**Your goal:**
Every line of the data, first to last, must be written out unchanged.

**Crawled caption data:**
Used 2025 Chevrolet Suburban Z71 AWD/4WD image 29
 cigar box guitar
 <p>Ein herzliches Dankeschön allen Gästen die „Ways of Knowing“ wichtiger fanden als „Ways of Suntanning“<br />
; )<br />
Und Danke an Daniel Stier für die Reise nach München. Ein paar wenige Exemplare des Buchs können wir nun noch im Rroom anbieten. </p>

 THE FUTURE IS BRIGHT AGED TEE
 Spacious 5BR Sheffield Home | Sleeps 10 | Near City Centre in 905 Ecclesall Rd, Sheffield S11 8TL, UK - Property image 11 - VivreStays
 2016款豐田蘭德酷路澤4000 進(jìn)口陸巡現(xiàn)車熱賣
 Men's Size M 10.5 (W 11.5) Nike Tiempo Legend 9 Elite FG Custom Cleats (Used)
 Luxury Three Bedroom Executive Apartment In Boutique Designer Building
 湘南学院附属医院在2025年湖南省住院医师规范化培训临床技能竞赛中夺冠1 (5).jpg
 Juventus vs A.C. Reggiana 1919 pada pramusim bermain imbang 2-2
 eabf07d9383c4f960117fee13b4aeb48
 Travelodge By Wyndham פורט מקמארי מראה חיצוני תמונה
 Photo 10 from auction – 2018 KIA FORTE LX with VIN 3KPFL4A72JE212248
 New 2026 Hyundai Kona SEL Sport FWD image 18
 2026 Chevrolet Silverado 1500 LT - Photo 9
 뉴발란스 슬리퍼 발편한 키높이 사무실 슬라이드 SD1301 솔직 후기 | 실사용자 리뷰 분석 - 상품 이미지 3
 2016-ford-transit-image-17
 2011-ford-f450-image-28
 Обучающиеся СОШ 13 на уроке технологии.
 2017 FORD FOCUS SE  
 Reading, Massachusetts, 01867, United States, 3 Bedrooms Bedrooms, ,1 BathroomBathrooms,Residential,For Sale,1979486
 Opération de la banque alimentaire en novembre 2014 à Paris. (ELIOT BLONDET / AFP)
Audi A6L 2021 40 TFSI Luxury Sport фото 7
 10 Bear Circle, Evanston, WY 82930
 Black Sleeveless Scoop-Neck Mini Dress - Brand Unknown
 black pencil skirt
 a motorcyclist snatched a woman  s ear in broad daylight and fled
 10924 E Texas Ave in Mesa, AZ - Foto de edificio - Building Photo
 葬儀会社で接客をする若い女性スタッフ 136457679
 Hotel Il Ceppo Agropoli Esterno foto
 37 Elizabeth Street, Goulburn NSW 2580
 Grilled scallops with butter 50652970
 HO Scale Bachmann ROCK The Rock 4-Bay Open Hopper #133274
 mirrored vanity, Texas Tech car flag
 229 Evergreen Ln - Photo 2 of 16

**Result:**
Used 2025 Chevrolet Suburban Z71 AWD/4WD image 29
 cigar box guitar
 <p>Ein herzliches Dankeschön allen Gästen die „Ways of Knowing“ wichtiger fanden als „Ways of Suntanning“<br />
; )<br />
Und Danke an Daniel Stier für die Reise nach München. Ein paar wenige Exemplare des Buchs können wir nun noch im Rroom anbieten. </p>

 THE FUTURE IS BRIGHT AGED TEE
 Spacious 5BR Sheffield Home | Sleeps 10 | Near City Centre in 905 Ecclesall Rd, Sheffield S11 8TL, UK - Property image 11 - VivreStays
 2016款豐田蘭德酷路澤4000 進(jìn)口陸巡現(xiàn)車熱賣
 Men's Size M 10.5 (W 11.5) Nike Tiempo Legend 9 Elite FG Custom Cleats (Used)
 Luxury Three Bedroom Executive Apartment In Boutique Designer Building
 湘南学院附属医院在2025年湖南省住院医师规范化培训临床技能竞赛中夺冠1 (5).jpg
 Juventus vs A.C. Reggiana 1919 pada pramusim bermain imbang 2-2
 eabf07d9383c4f960117fee13b4aeb48
 Travelodge By Wyndham פורט מקמארי מראה חיצוני תמונה
 Photo 10 from auction – 2018 KIA FORTE LX with VIN 3KPFL4A72JE212248
 New 2026 Hyundai Kona SEL Sport FWD image 18
 2026 Chevrolet Silverado 1500 LT - Photo 9
 뉴발란스 슬리퍼 발편한 키높이 사무실 슬라이드 SD1301 솔직 후기 | 실사용자 리뷰 분석 - 상품 이미지 3
 2016-ford-transit-image-17
 2011-ford-f450-image-28
 Обучающиеся СОШ 13 на уроке технологии.
 2017 FORD FOCUS SE  
 Reading, Massachusetts, 01867, United States, 3 Bedrooms Bedrooms, ,1 BathroomBathrooms,Residential,For Sale,1979486
 Opération de la banque alimentaire en novembre 2014 à Paris. (ELIOT BLONDET / AFP)
Audi A6L 2021 40 TFSI Luxury Sport фото 7
 10 Bear Circle, Evanston, WY 82930
 Black Sleeveless Scoop-Neck Mini Dress - Brand Unknown
 black pencil skirt
 a motorcyclist snatched a woman  s ear in broad daylight and fled
 10924 E Texas Ave in Mesa, AZ - Foto de edificio - Building Photo
 葬儀会社で接客をする若い女性スタッフ 136457679
 Hotel Il Ceppo Agropoli Esterno foto
 37 Elizabeth Street, Goulburn NSW 2580
 Grilled scallops with butter 50652970
 HO Scale Bachmann ROCK The Rock 4-Bay Open Hopper #133274
 mirrored vanity, Texas Tech car flag
 229 Evergreen Ln - Photo 2 of 16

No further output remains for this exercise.